Sorry dont know if this is old news or not!

http://en.wikipedia.org/wiki/Zoe_Carpenter[/URL]

----------


## Jojo

Moving to Rumour Mill till confirmed Spoiler.  Wikpedia is sometimes a great source, but other times, because of being editable, is not so reliable.  :Smile: 

Welcome to SB's by the way  :Smile:

----------

shirlene76 (20-02-2007)

----------


## tammyy2j

With Becca and Amy having baby storylines i doubt that another cast member will get a pregnancy storyline. I don't really care about Zoe or Will as characters they are useless.

----------


## Chris_2k11

> I don't really care about Zoe or Will as characters they are useless.


I like Zoe but not Will  :Nono:

----------


## DaVeyWaVey

I wouldn't mind this rumour being true actually, i think it would be a good storyline. I like Zoe as a character, and Will persauding her to have an abortion could result in more of his mind games, but i think it is unlikely as Amy has her storyline at the moment with her pregnancy.

----------


## Abbie

Hmm wouldnt really mind if this happened however that would mean alot of baby storylines recently.

----------


## Katy

I tink it would fit though if weird will made her have an abortion.

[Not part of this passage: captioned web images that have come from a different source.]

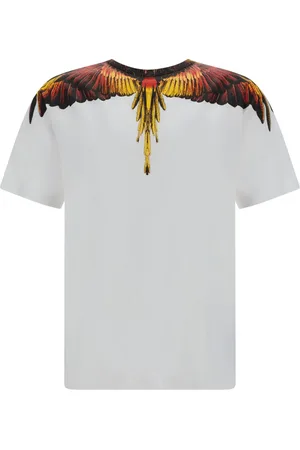 MARCELO BURLON Camiseta Icon Wings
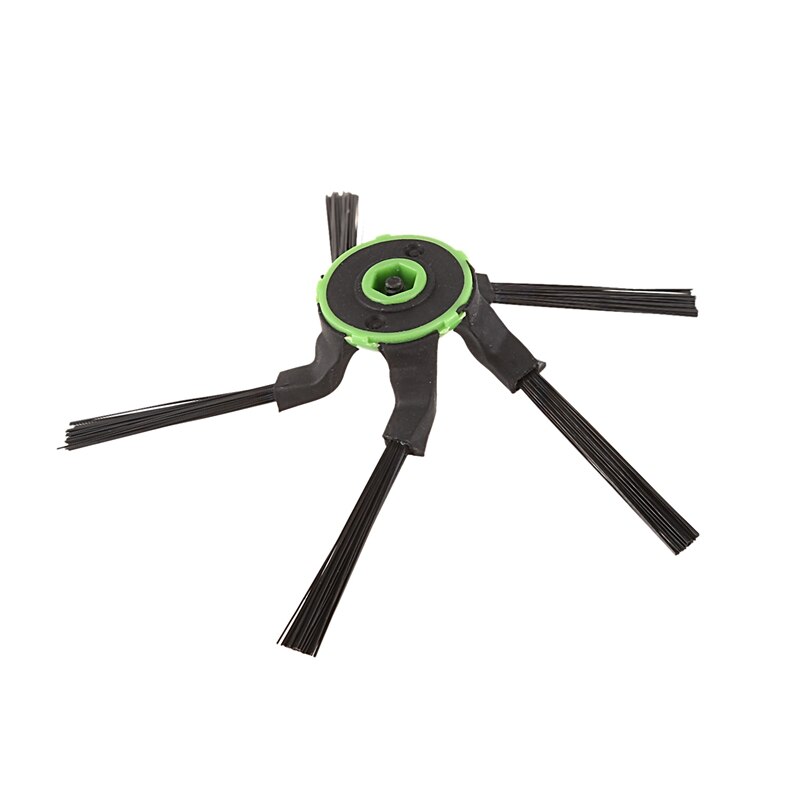 4 stk sidebørste til irobot roomba  s9 s9+  ing robotstøvsuger tilbehør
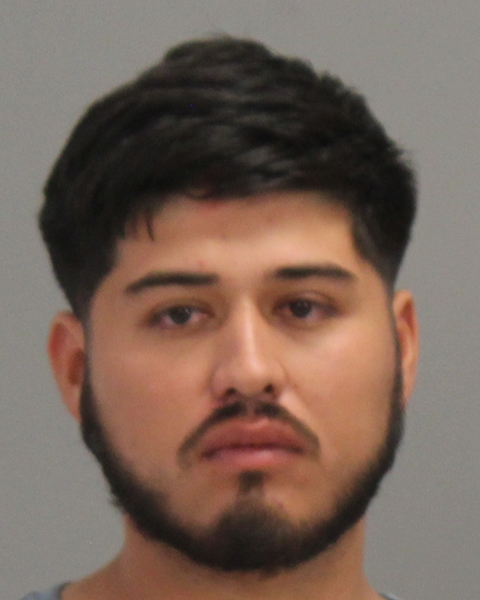 ARRIAGA, JOANNE arrested by Texas A&M University Police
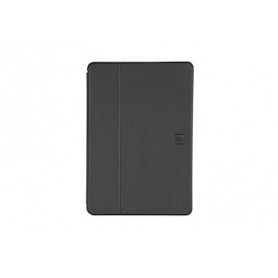 CUSTODIA A LIBRO PER SAMSUNG TAB A11+/A9+ NERA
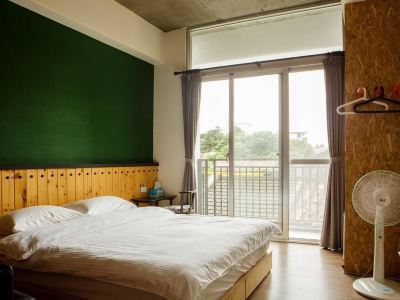 Lover Homestay
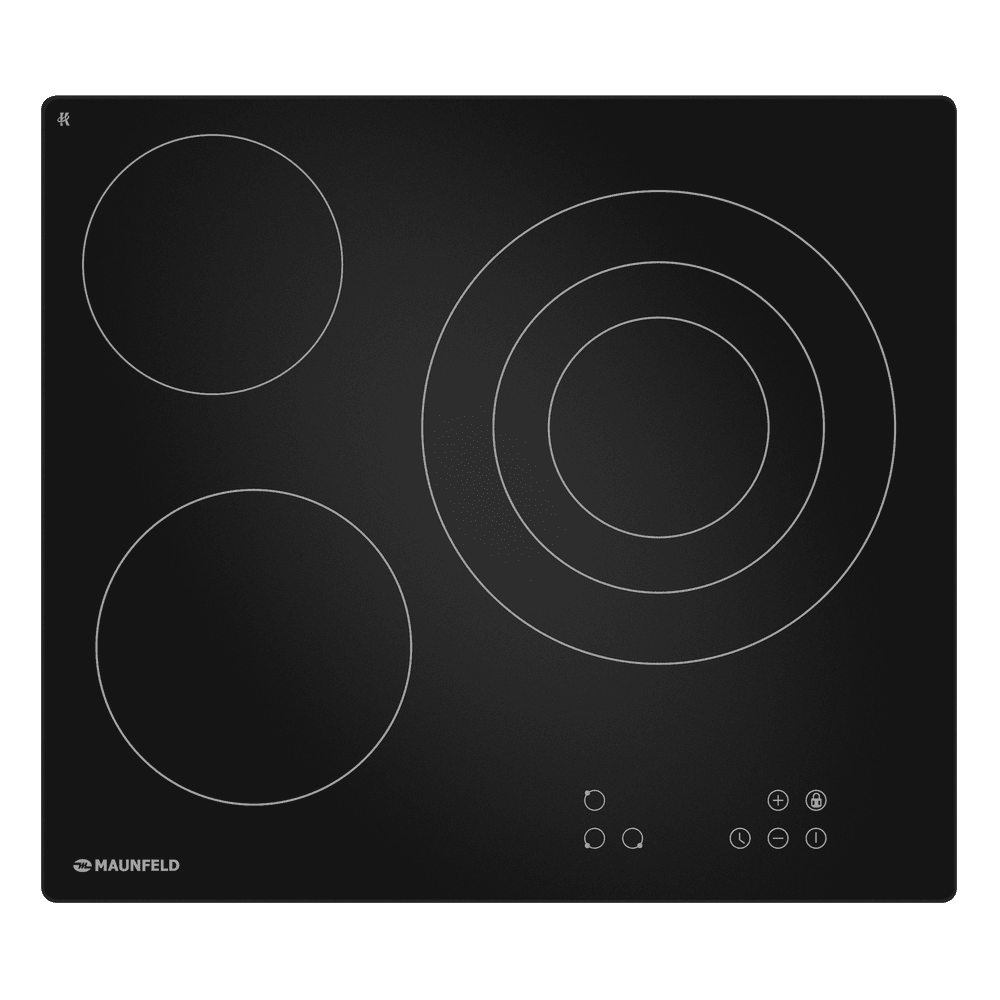Шкаф духовой электрический MAUNFELD AEOD6063B + AVCE6035TBK СКИДКА-50%&nbsp;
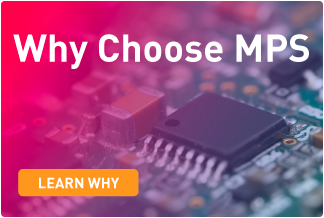 Why Choose MPS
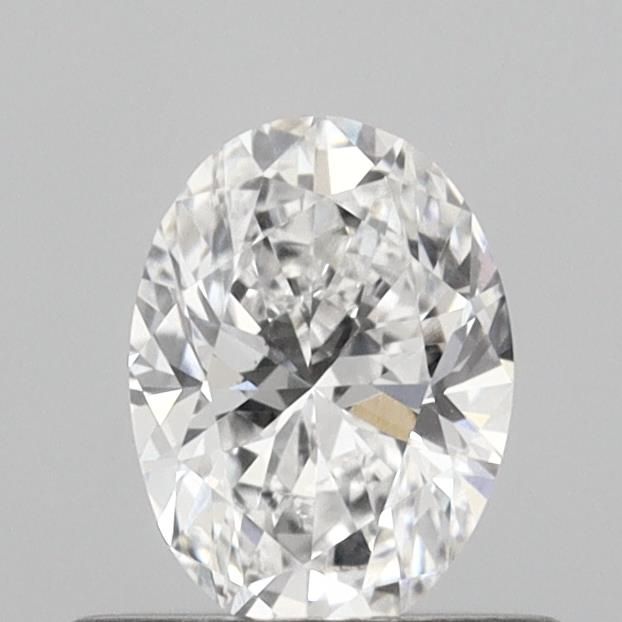 Oval Diamond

That way there is no baby. But like Em says Wikipedia could be making it up, all depends on the editor.

----------


## StarsOfCCTV

> Originally Posted by tammyy2j
> 
> 
> I don't really care about Zoe or Will as characters they are useless.
> 
> 
> I like Zoe but not Will


Will's a physco! I like Zoe to though, she needs to get together with Zac!  :Big Grin:

----------